> [WORK TO BE COMPLETED]: Once you find the line with "Un hombre sentado" in the data below, transcribe exactly each line from there to the line with "A collection of", inclusive, and nothing else. Drop the pictures.

[Short descriptive text snippets]
┄┄┄┄┄┄┄┄┄┄

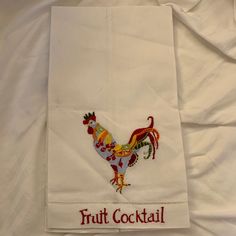 a white towel with a colorful rooster on it's side and the words fruit cocktail written in red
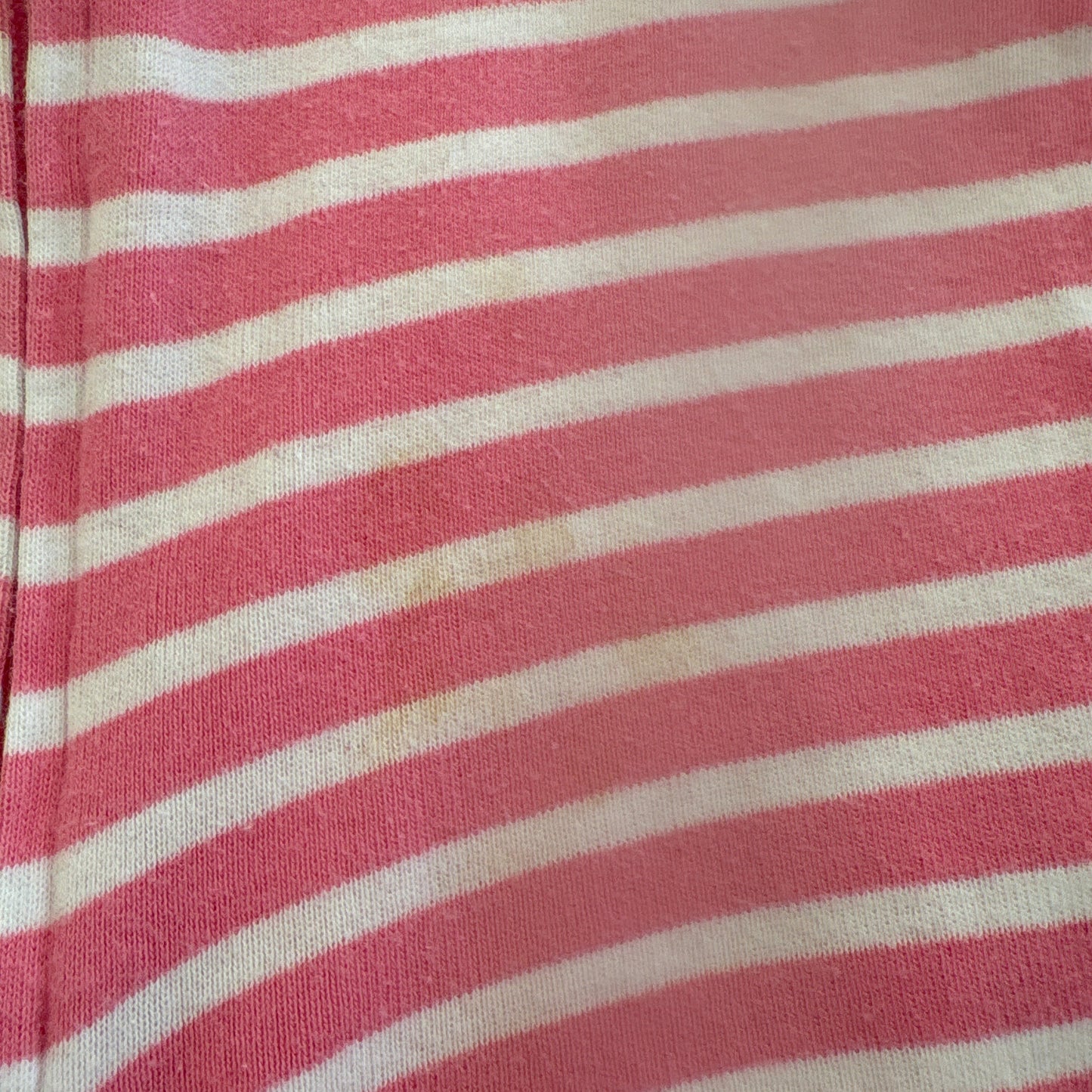 Close-up of pink and white striped fabric to show small stain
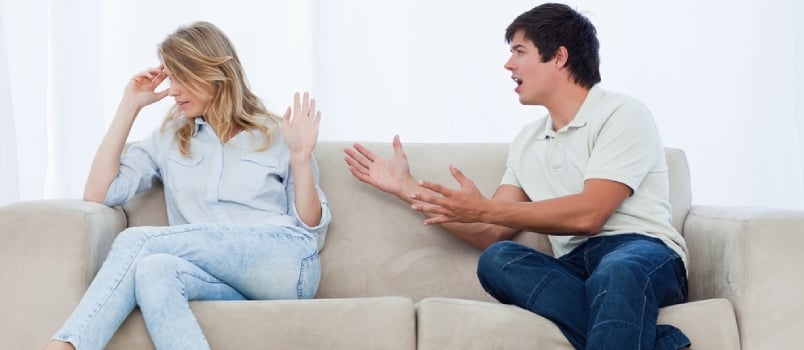 Un hombre sentado en un sofá discute con su novia que tiene la cabeza vuelta hacia otro lado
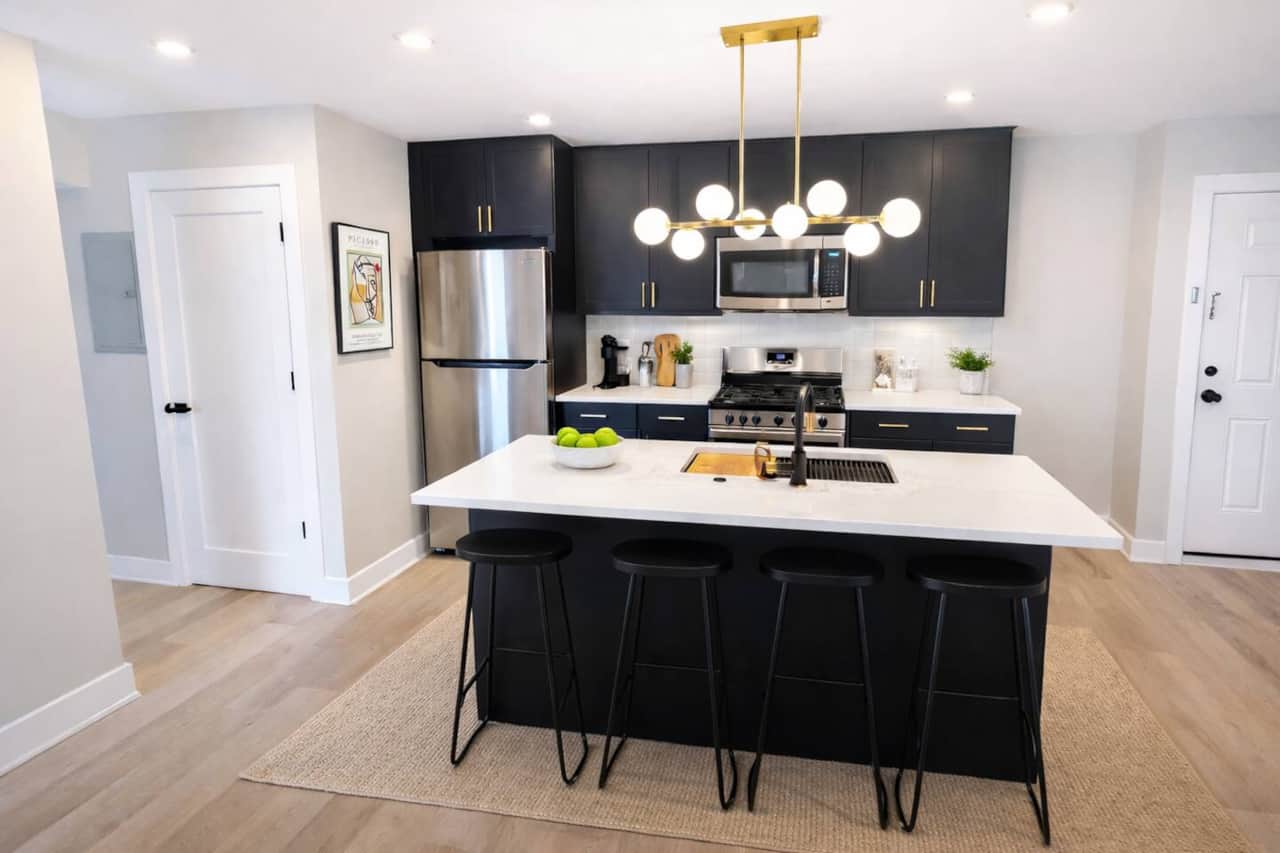 A fully equipped kitchen, including a beautiful quartz breakfast bar. You'll have access to a range with a hood, a microwave, a dishwasher, a refrigerator, and a garbage disposal, making it convenient for all your cooking and dining needs.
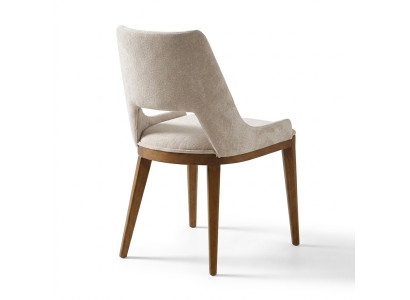 Een laconieke, moderne stoel met hoge poten van hout en bekleding in een prettige, lichte crèmekleur voor de eetkamer.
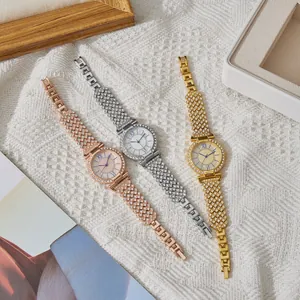 Elegant women's quartz watches in gold, silver, and rose gold with full diamond crystal accents
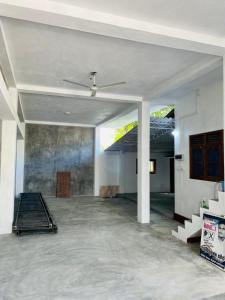 a living room with a ceiling fan in a house at Ranathunga Guest House in Ginimellagaha West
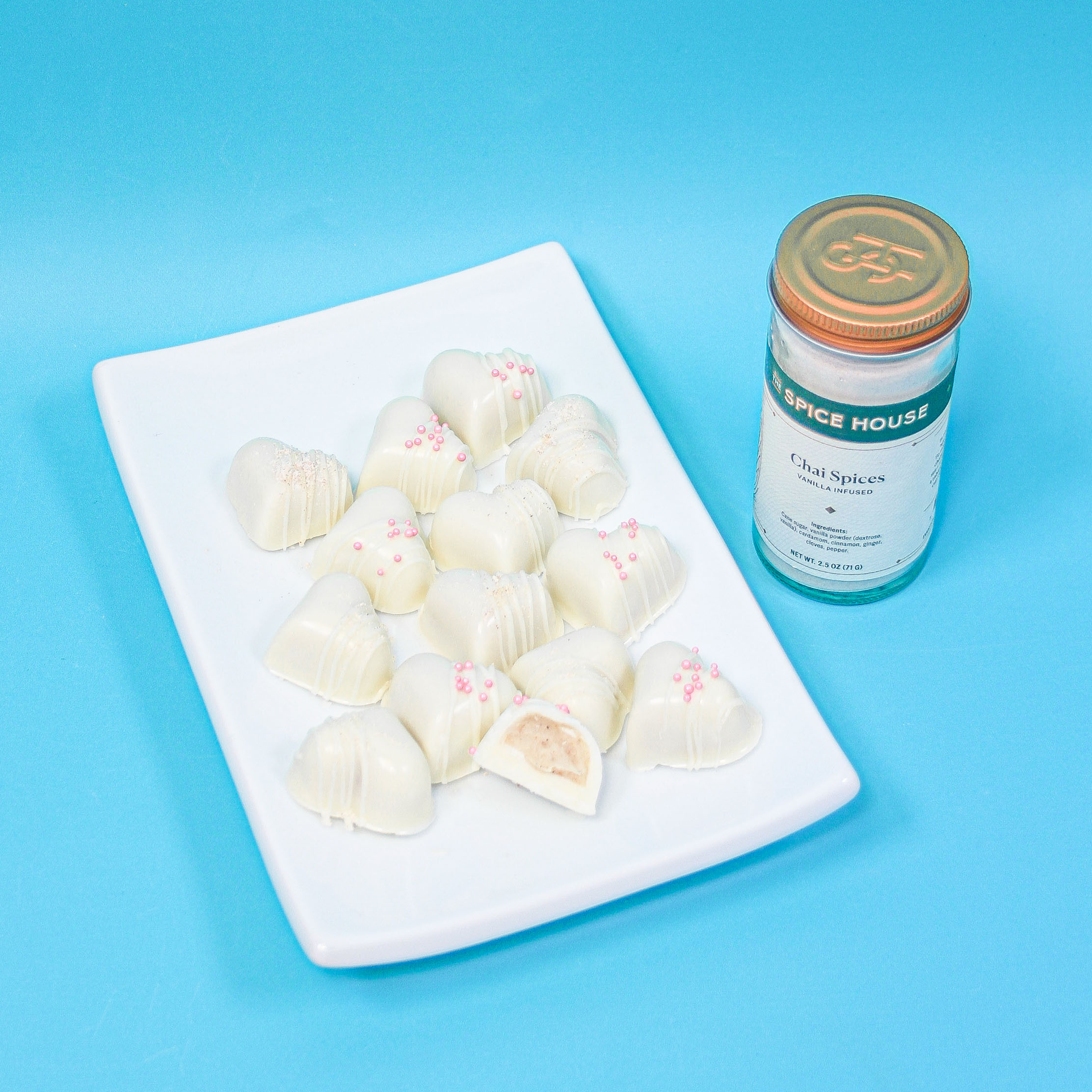 heart shaped chai turffles with white drizzle and pink nonpareils with a bottle of our vanilla infused chai spice.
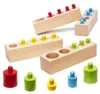A collection of Montessori wooden cylinder blocks with colored pegs. Anteprima dell’immagine prodotto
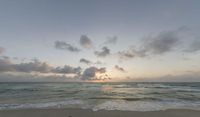 the beach is empty during sunset as the sun sets in the distance behind the horizon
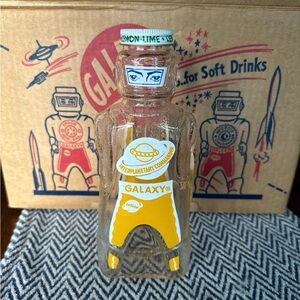 Galaxy By Harvic Clear Bottle with Yellow and Green Accents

┄┄┄┄┄┄┄┄┄┄

> [WORKED SOLUTION]:
 Un hombre sentado en un sofá discute con su novia que tiene la cabeza vuelta hacia otro lado
 A fully equipped kitchen, including a beautiful quartz breakfast bar. You'll have access to a range with a hood, a microwave, a dishwasher, a refrigerator, and a garbage disposal, making it convenient for all your cooking and dining needs.
 Een laconieke, moderne stoel met hoge poten van hout en bekleding in een prettige, lichte crèmekleur voor de eetkamer.
 Elegant women's quartz watches in gold, silver, and rose gold with full diamond crystal accents
 a living room with a ceiling fan in a house at Ranathunga Guest House in Ginimellagaha West
 heart shaped chai turffles with white drizzle and pink nonpareils with a bottle of our vanilla infused chai spice.
A collection of Montessori wooden cylinder blocks with colored pegs. Anteprima dell’immagine prodotto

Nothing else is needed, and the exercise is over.